Evidently Napoleon is both bad dancer and good dancer at the same time, and that’s already pretty interesting. And the dancing – well, it’s not just about the moves, is it? Here’s how it goes.

What is Napoleon Dynamite about?

Most plots are linear, even when they mess with time. Something happens, causes a ton of drama, and eventually resolves. Napoleon Dynamite doesn’t quite follow this pattern. Instead, it cuts between events that take place during one school year.

Napoleon befriends the new kid and grows to like Deb (Tina Marjorino). Uncle Rico comes to stay, but cares more about remembering past glories and munching on steak. Rico and Kip try to make fast cash. Kip falls in love.

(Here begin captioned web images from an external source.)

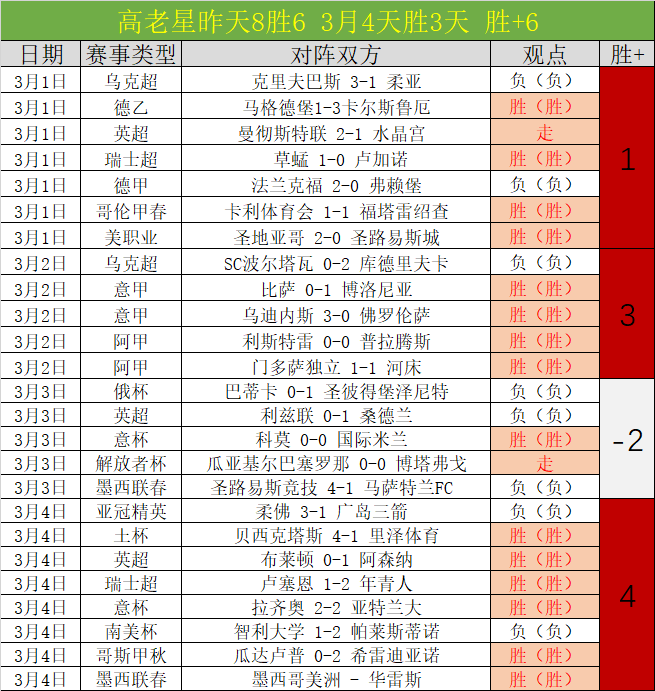 中国速滑女,将独揽亚冬,会女子,开云体育,开云体育官网,开云体育app,开云体育app下载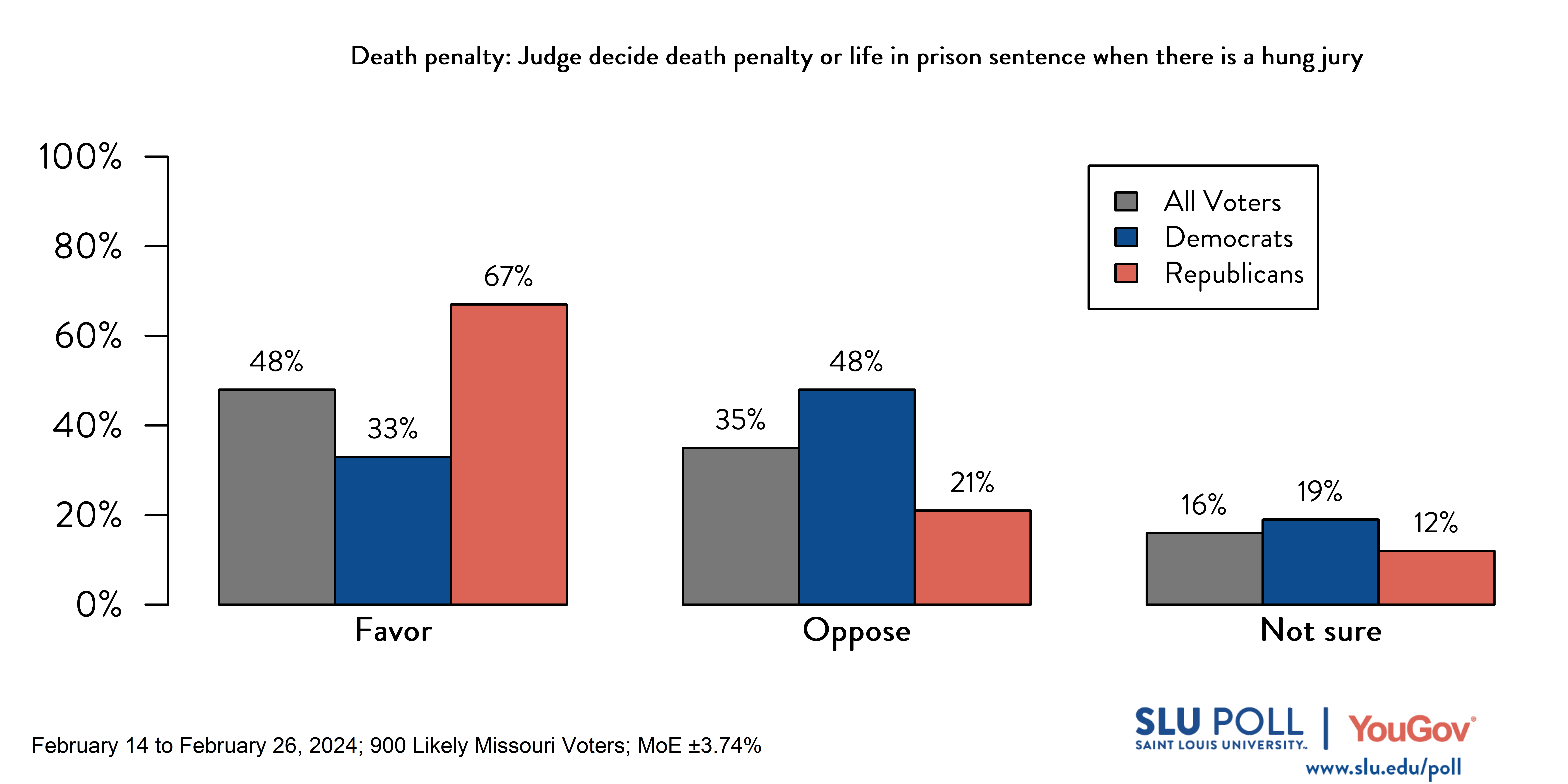 Likely voters' responses to 'Do you favor or oppose the following in the state of Missouri…When a jury cannot unanimously agree to sentence the death penalty, the judge decides whether to sentence the death penalty or life in prison without parole?': 48% Favor, 35% Oppose, and 16% Not Sure. Democratic voters' responses: ' 33% Favor, 48% Oppose, and 19% Not Sure. Republican voters' responses:  67% Favor, 21% Oppose, and 12% Not Sure.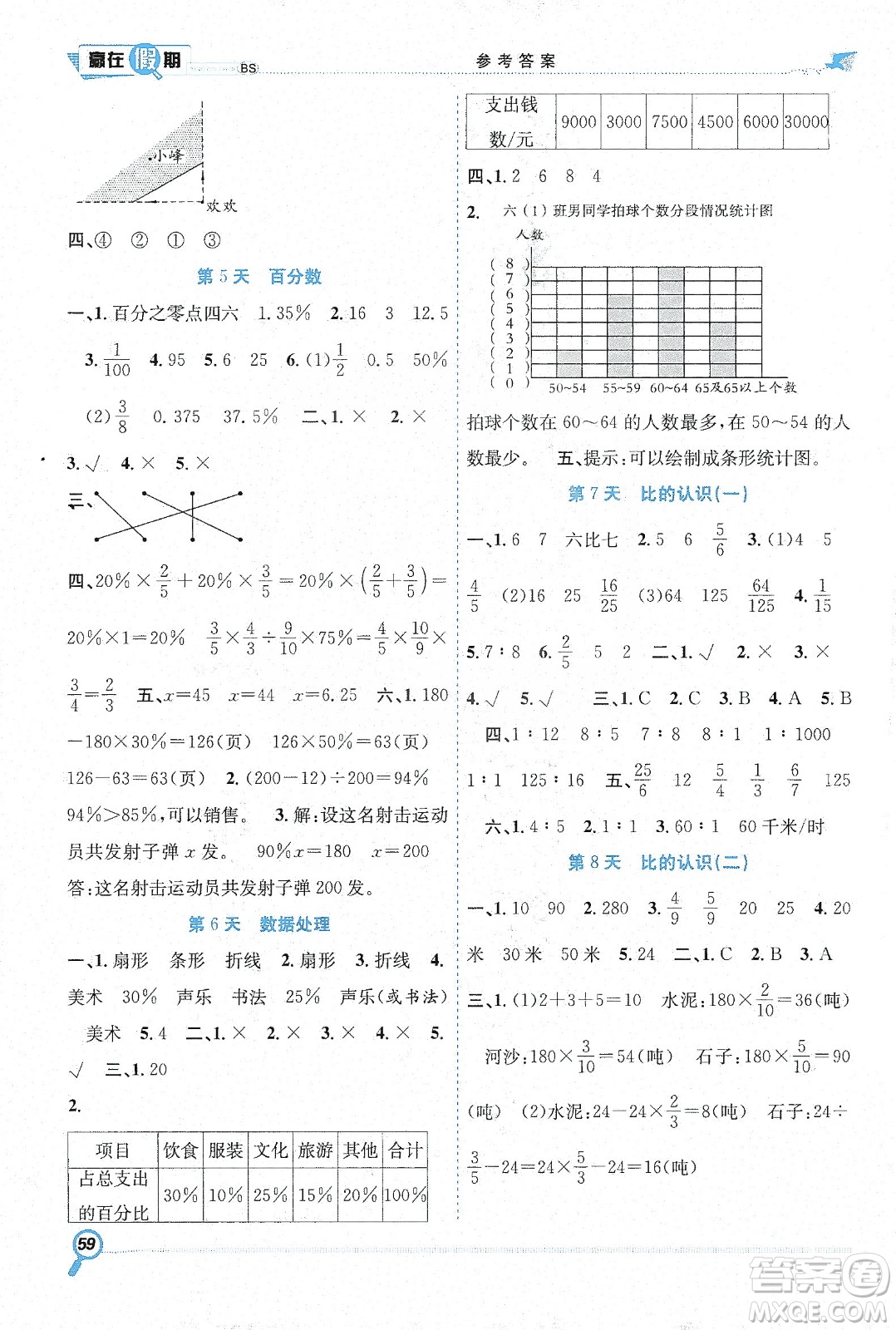 合肥工業(yè)大學(xué)出版社2020宏龍寒假學(xué)期總復(fù)習(xí)贏在假期六年級數(shù)學(xué)北師大版答案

Pedro and Napoleon try to get dates, work on a chicken farm and visit the state fair. Pedro runs for class president, shaves his head, and forgets to make a skit. Napoleon watches an exercise tape and saves the day.

Rather than following one main crisis through to resolution, Napoleon Dynamite is more like how we experience nostalgia. Keep in mind director Jared Hess describes his movie as “so autobiographical”.

Memories swim into focus, paint broad outlines, and vanish. We see the colour – kids on a school bus watch a farmer kill a cow – but don’t linger on internal dialogue They scream; we know they’re scared; we move on. It’s a very lean film.

This is a story which looks back, but is also about looking back, and about how easy it is become trapped in the past (i.e., Rico). More obviously, it’s about friendship, loyalty, and being true to yourself and others.

The school dance

There’s more than one dance in Napoleon Dynamite. Napoleon performs a sign-language interpreted dance early in the movie – a concept that snooty Summer (Hayley Duff) later steals.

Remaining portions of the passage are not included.